This file contains a program, nroots(x,r), which can approximately find the number of roots of a polynomial x with magnitude < r. It does this by computing the winding number, not by factoring the polynomial. The returned answer should be close to correct but it can be in error if there are roots with magnitude very close to r. One should be able to call nroots several times with different values of r and use the results to intelligently design a search grid. This would be a huge improvement to lroots.
For example, a previous version of lroots could not factor a certain polynomial called degree200. It failed to find 7 roots and their conjugates. The magnitudes of the missing roots were 0.9803, 0.9842, 0.9878, 0.9890, 0.9923, 0.9948, and 1.0084. These magnitudes could be approximately determined using nroots. Let z be the incomplete set of roots obtained using lroots.
>> nroots(coeff, 1.01) % Hopefully the number of roots with magnitude < 1.01
ans = 128
>> length(find(abs(z)<1.01)) % The number of roots found with magnitude < 1.01
ans = 114
Thus, z is missing 14 roots (7 complex roots and their conjugates) with magnitude < 1.01. Furthermore,
>> nroots(coeff, .97)
ans = 32
>> length(find(abs(z)<.97))
ans = 32
Thus all the missing roots have magnitude > .97. Finally,
EDUğ nroots(coeff,.995)
ans = 86
EDUğ length(find(abs(z)<.995))
ans = 74
Thus z is missing 12 roots with magnitude < .995. (Six complex roots and their conjugates.)

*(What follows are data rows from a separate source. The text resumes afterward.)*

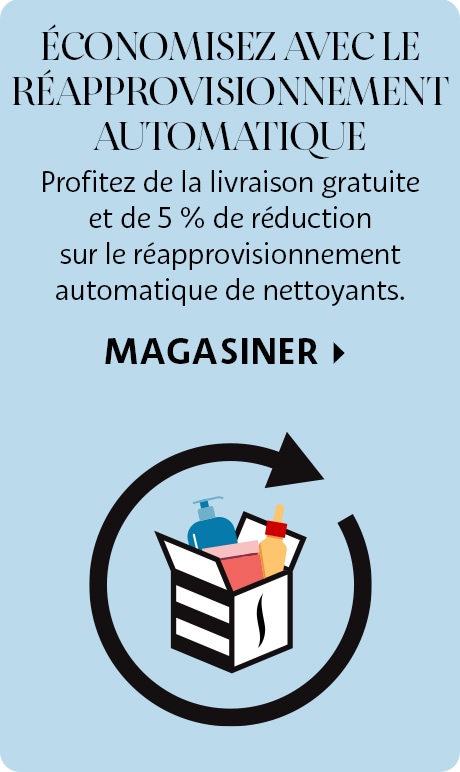 Économisez grâce au réapprovisionnement automatique | Profitez de la livraison gratuite et de 5 % de réduction sur les livraisons de nettoyants. Magasiner >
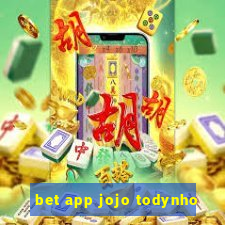 bet app jojo todynho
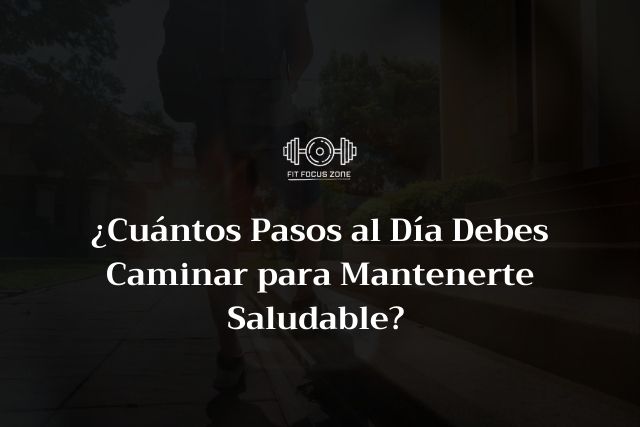 ¿Cuántos Pasos al Día Debes Caminar para Mantenerte Saludable? – 107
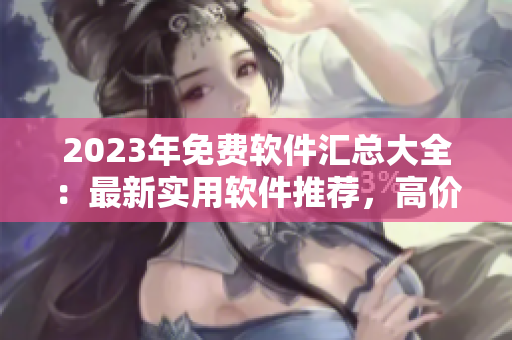 2023年免費軟件匯總大全：最新實用軟件推薦，高價值資源一網(wǎng)打盡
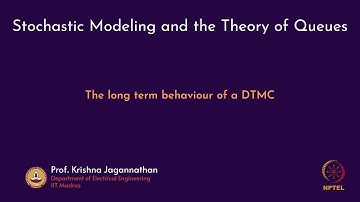 mod07lec47 - The long term behaviour of a DTMC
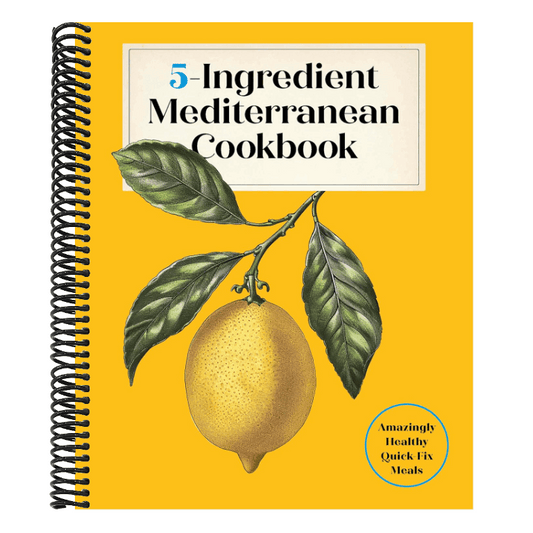 5-Ingredient Mediterranean Cookbook: Amazingly Healthy Quick-Fix Meals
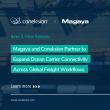 Magaya and Coneksion Partner to Expand Ocean Carrier Connectivity Across Global Freight Workflows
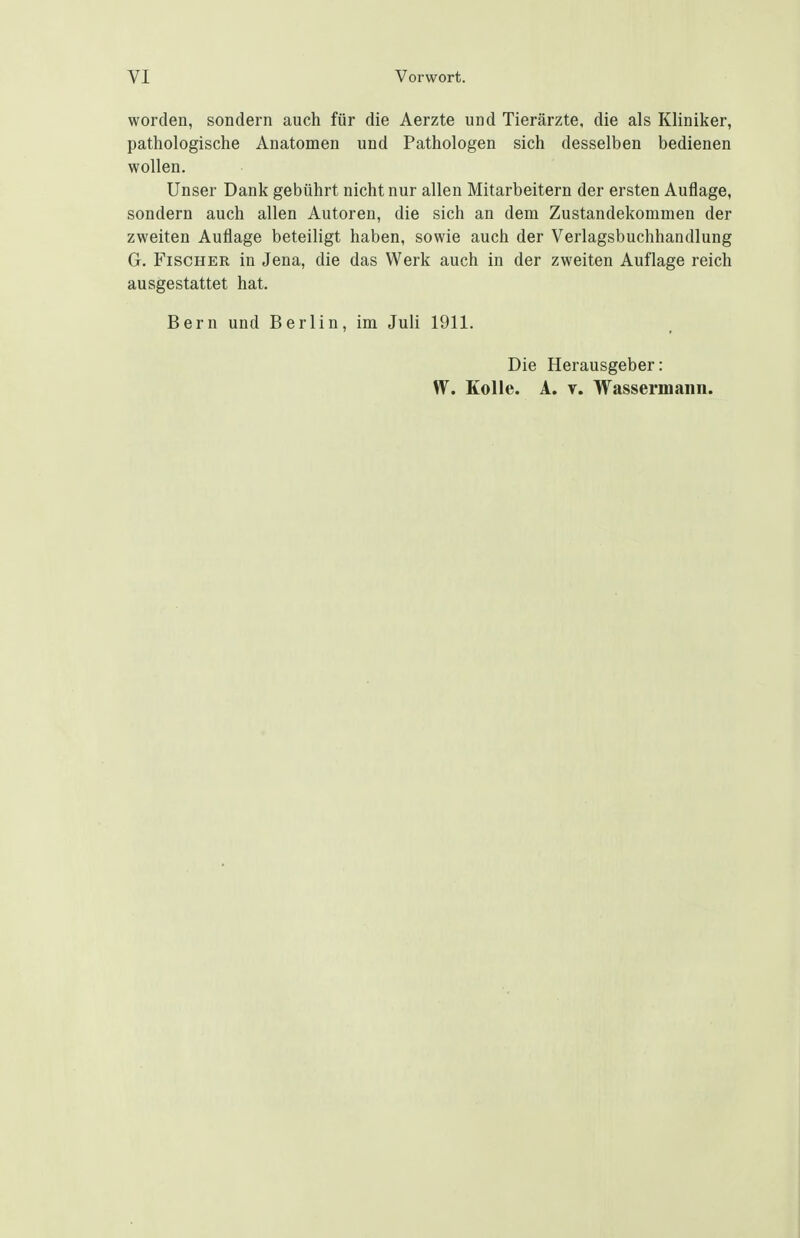 worden, sondern auch für die Aerzte und Tierärzte, die als Kliniker, pathologische Anatomen und Pathologen sich desselben bedienen wollen. Unser Dank gebührt nicht nur allen Mitarbeitern der ersten Auflage, sondern auch allen Autoren, die sich an dem Zustandekommen der zweiten Auflage beteiligt haben, sowie auch der Verlagsbuchhandlung G. Fischer in Jena, die das Werk auch in der zweiten Auflage reich ausgestattet hat. Bern und Berlin, im Juli 1911. Die Herausgeber: W. Eolle. A. V. Wassermann.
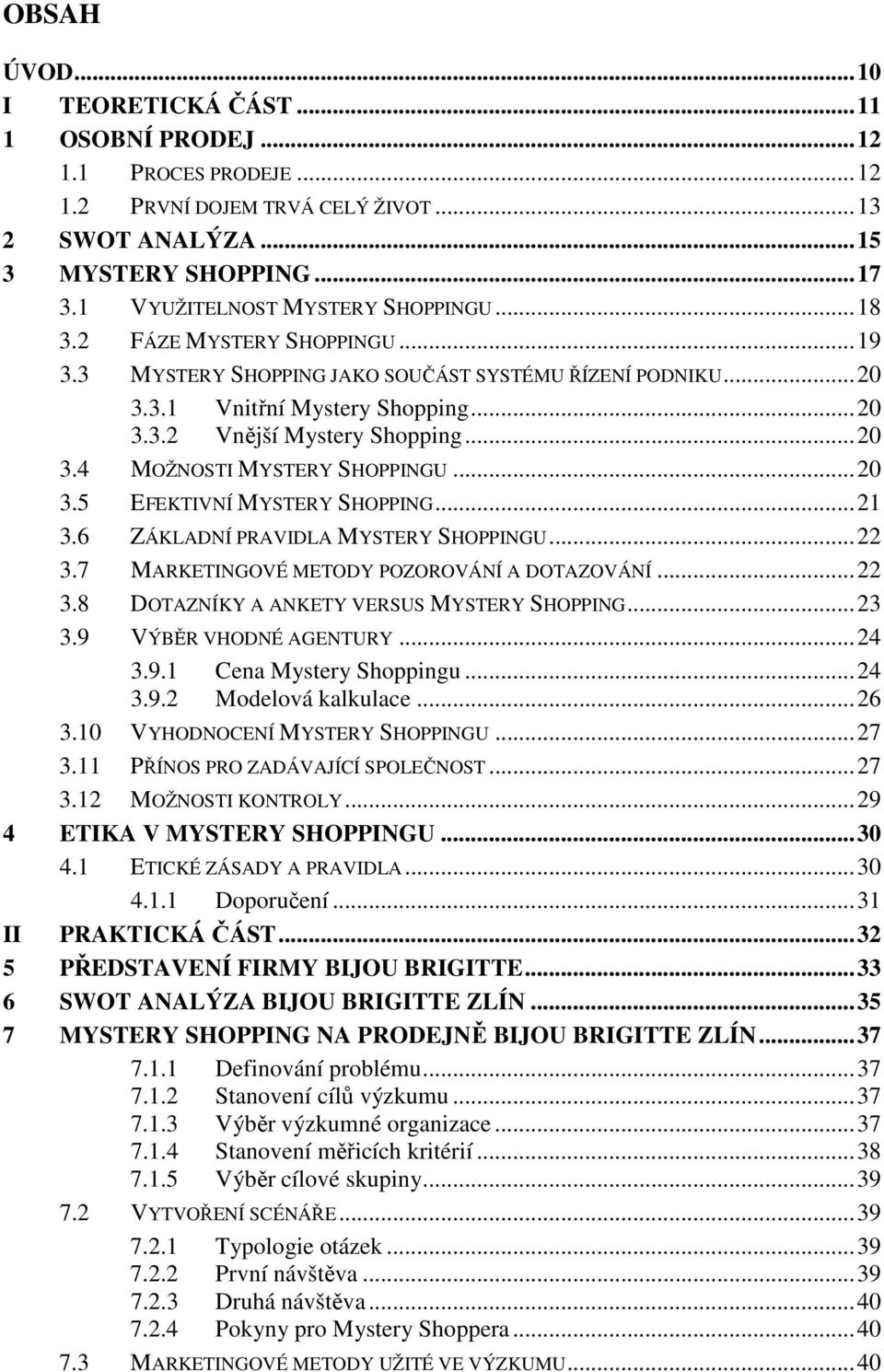 ..20 3.5 EFEKTIVNÍ MYSTERY SHOPPING...21 3.6 ZÁKLADNÍ PRAVIDLA MYSTERY SHOPPINGU...22 3.7 MARKETINGOVÉ METODY POZOROVÁNÍ A DOTAZOVÁNÍ...22 3.8 DOTAZNÍKY A ANKETY VERSUS MYSTERY SHOPPING...23 3.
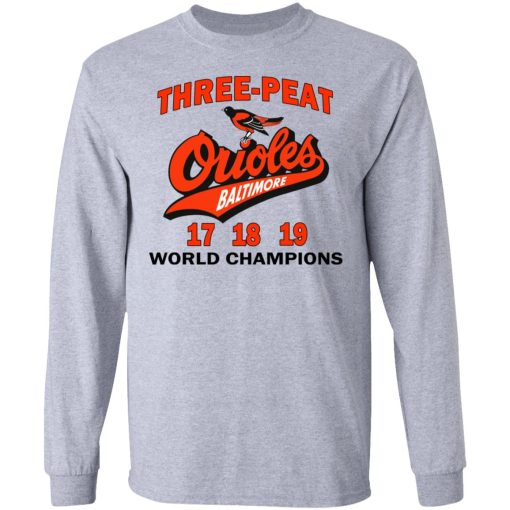 Three Peat Orioles Baltimore World Champions T-Shirts, Hoodies, Long Sleeve 13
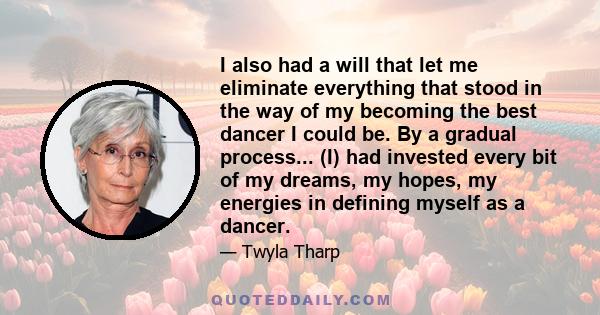 I also had a will that let me eliminate everything that stood in the way of my becoming the best dancer I could be. By a gradual process... (I) had invested every bit of my dreams, my hopes, my energies in defining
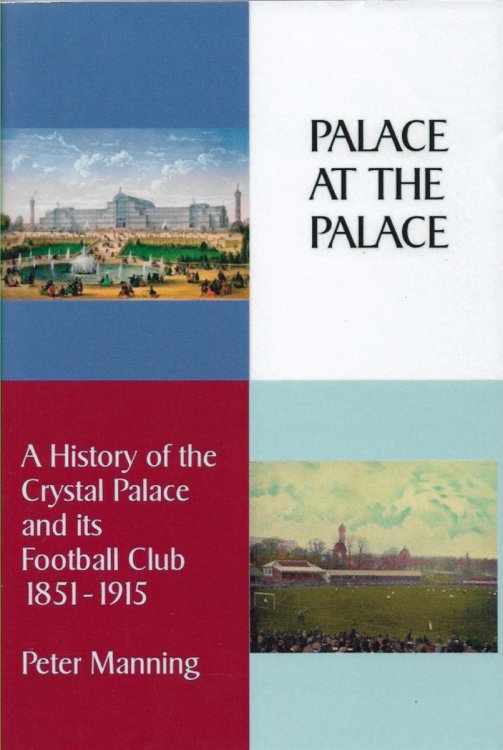 Palace At the Palace A History of the Crystal Palace and its Football Club 1851-1915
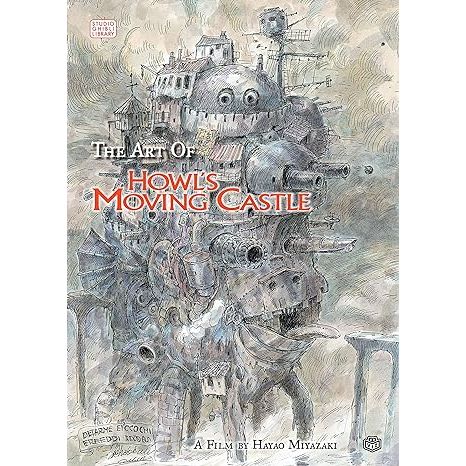 THE ART OF HOWL'S MOVING CASTLE A FILM BY HAYAO MIYAZAKI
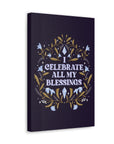 I Celebrate All My Blessings Canvas Gallery Wraps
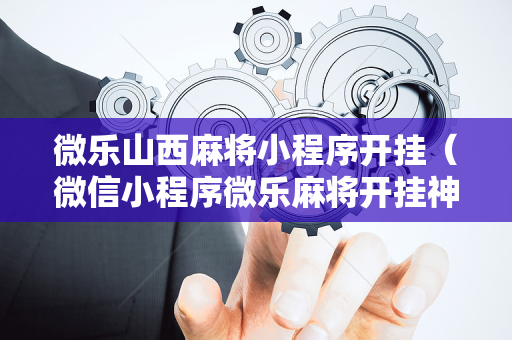 微乐山西麻将小程序开挂（微信小程序微乐麻将开挂神器下载）
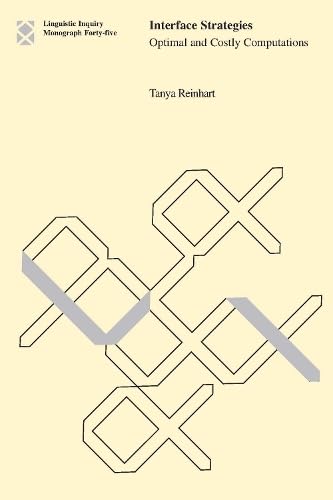 Interface Strategies: Optimal and Costly Computations (Linguistic Inquiry Monographs) Social Sciences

Thus, there are 6 complex conjuage pairs of missing roots with magnitudes between .97 and .995 and an additional missing pair with magnitude < 1.01.
Furthermore, it is also often possible to use nroots to find the arguments of missing roots. Nroots uses the FFT to efficiently evaluate the polynomial at r*(the n'th roots of unity) where r is the radius of interest. Nroots optionally outputs the last set of polynomial evaluations, pval. The index where the absolute value of the polynomial evaluations achieves its minimum can point to the argument of a missing root. There is a natural correspondence between index and radians.
[0, length(pval)] -> [0, pi] radians. To find the minimum and convert to radians,
(find(pval==min(pval))-1)/(length(pval)-1)*pi
For example, the largest missing root of degree200 satisifed:
>> [abs(r), angle(r)]
ans = 1.0084 2.3318
Note,
>> [n, pval] = nroots(coeff, 1.0087);
>> [n, (find(pval==min(pval))-1)/(length(pval)-1)*pi]
ans = 126.0000 2.3317
>> [n, pval] = nroots(coeff, 1.0069);
>> [n, (find(pval==min(pval))-1)/(length(pval)-1)*pi]
ans = 124.0000 2.3317
The "124" and "126" show that there is one root, and its complex conjugate, with radii between 1.0069 and 1.0087. As above, the actual magnitude is 1.0084. Furthermore, at both 1.0069 and 1.0087 the minimum absolute value of the polynomial evaluations is achieved at 2.3317 radians. As above, the actual argument of the root is 2.3318. Thus, in this case, nroots could be used to approximately find the magnitude and argument of this root.
Unfortunately, there are at least 3 problems with using nroots(x,r). First it is slow. Second, nroots is unreliable if there several roots with magnitude near r. Nroots may return an answer that is slightly too large or too small. Third, suppose there is a missing root with magnitude 1.05 and argument 1.333. It is possible that nroots(x,1.01)==130 and nroots(x,1.08)==132 and in both cases the minimum of pval occurs at 2.432 radians, not 1.333. In other words we have the radius correctly bracketed but the argument is wrong. This has been observed to happen when there was an unusually large number of roots with magnitudes between 1.000 and 1.009 and arguments near 2.432. This large number of roots caused abs(f(z)) to be unusually small near 2.432 radians. Therefore when abs(pval) was examined along the circles with magnitude 1.01 and 1.08, the smallest values happened at 2.432. However, the second smallest relative minimum of abs(f(z)) did indeed occur at 1.333. Also, if you bracketed it more exactly, eg. nroots(x,1.04) and nroots(x,1.06), then the min of abs(pval) did indeed occur at 1.333 along both circles.